Kısa süre içinde çıkan yangınlar, imamın ve görgü tanıklarının anlattıkları, yaşananların tesadüfi olmadığı, AKP Hükümeti’nin terör örgütü diyemediği IŞİD’in Şii katliamına devam ettiği günlerde, sistemli bir saldırının yaşandığı anlaşılmaktadır. Söylenen sözlerin ve tehditlerin Başbakanlık koltuğunda oturan Recep Tayyip Erdoğan’ın geçtiğimiz günlerde bir cemaatin ne kadar kötü olduğunu belirtmek için söylediği “Şia’dan beter” sözlerine benzer olması dikkat çekicidir.
Erdoğan’ın “Nefret suçu” işleyerek söylediği sözler, “Siz Şiasınız, Caferisiniz. Biz sizi yakacağız” tehditlerine zemin hazırlamıştır. İslam’ı tersten yorumlayan, sapkın Selefi-Vahhabi anlayışı, Erdoğan’ın sözlerinden cesaret almaktadır. Sadece Erdoğan’dan da değil. Ortadoğu kan gölüne dönmüşken, Diyanet İşleri Başkanlığı Selefi-Vahhabi anlayışına tek söz söyleme, bu konuda halkı bilinçlendirme ihtiyacı duymamaktadır. Suya sabuna dokunmayan sözler, ülkemiz provokasyonlarla mezhep savaşına sokmak isteyenlerin ekmeğine yağ sürmektedir.
Bu anlayış yeni mi? Elbette hayır! Dün Aleviler, bugün ise Caferiler hedef gösterilmekte, “yakılmaktan, katledikmekten” çekinilmemektedir. Esenyurt’ta yeni bir Sivas Madımak yaratmak istiyorlar.
Binlerce polis, onlarca TOMA, biber gazı ve copla Gezi Parkı’nı kapatan, işçilere-emekçilere bayramlarını zehir eden, AKP il binalarını; masum insanları sakat bırakmak, gözlerini çıkarmak ve hatta öldürmek pahasına koruyan polise, ülkemizi mezhep çatışmasına sokmayı ve karanlığa sürüklemeyi hedefleyen Vahhabi-Selefi zihniyetini engellemek için talimat verilmemesi tarihe not düşülmüştür. Allah korusun, yaşanacak bir kötü olayın sorumlularının kimler olduğu bellidir.
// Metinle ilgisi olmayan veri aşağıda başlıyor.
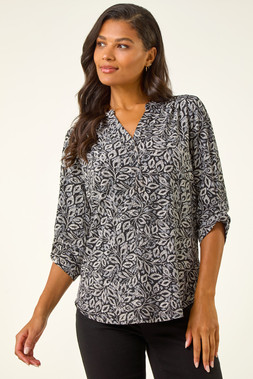 Roman Black Printed V-Neck Stretch Top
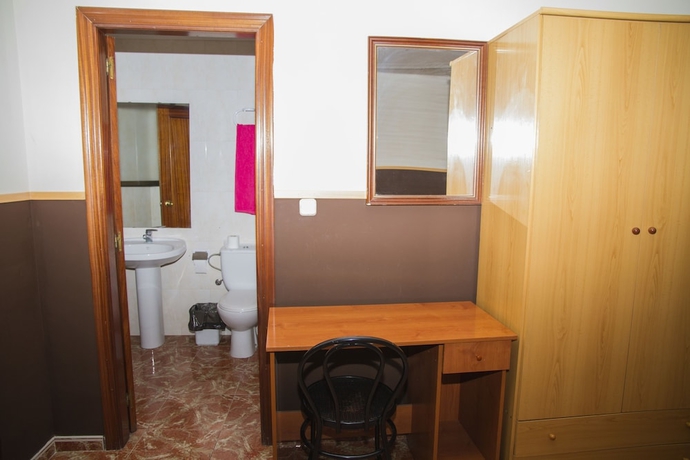 Imagen de los interiores del Hotel Manises. Foto 18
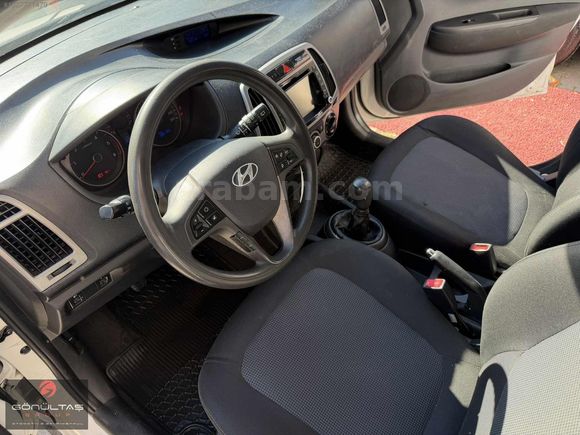 ''GÖNÜLTAŞ''2013 HYUNDAİ İ20 1.4 DİZEL 188BİNDE SENSE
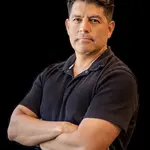 netspend y rv combinan la cartera global con la marca matriz ouro grafika numer 1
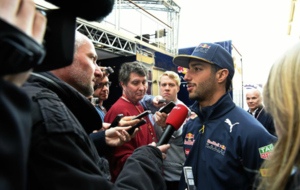 Daniel Ricciardo charla con la prensa en el paddock de Montmel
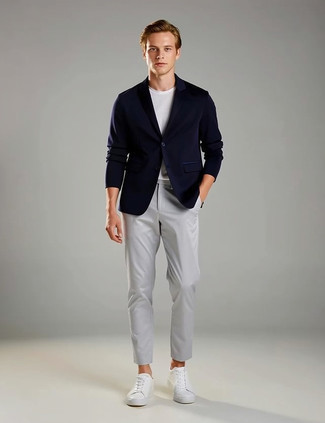 С чем носить белые кожаные низкие кеды мужчине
Basının Değerli Temsilcileri,
Binlerce yıldır; kardeşçe, barış ve huzur içinde yaşayan Alevi-Caferi-Sünni her kesimden yurttaşımız birbirine düşürülmek isteniyor. Bu işler IŞİD, El Kaide, El Nusra’ya silah göndermeye benzemez. İslam ile terörü yan yana getirmek isteyen, canlı insan kafası kesebilen, kadın ve çocuklara tecavüze fetva verebilen Selefi-Vahhabi anlayışına karşı Hükümet ve Diyanet İşleri Başkanlığı derhal net tavır almalıdır. Yapılanlara karşı bu kurumlar suskun kalıyorlarsa akla bir şey gelir: “Sükût ikrardandır!”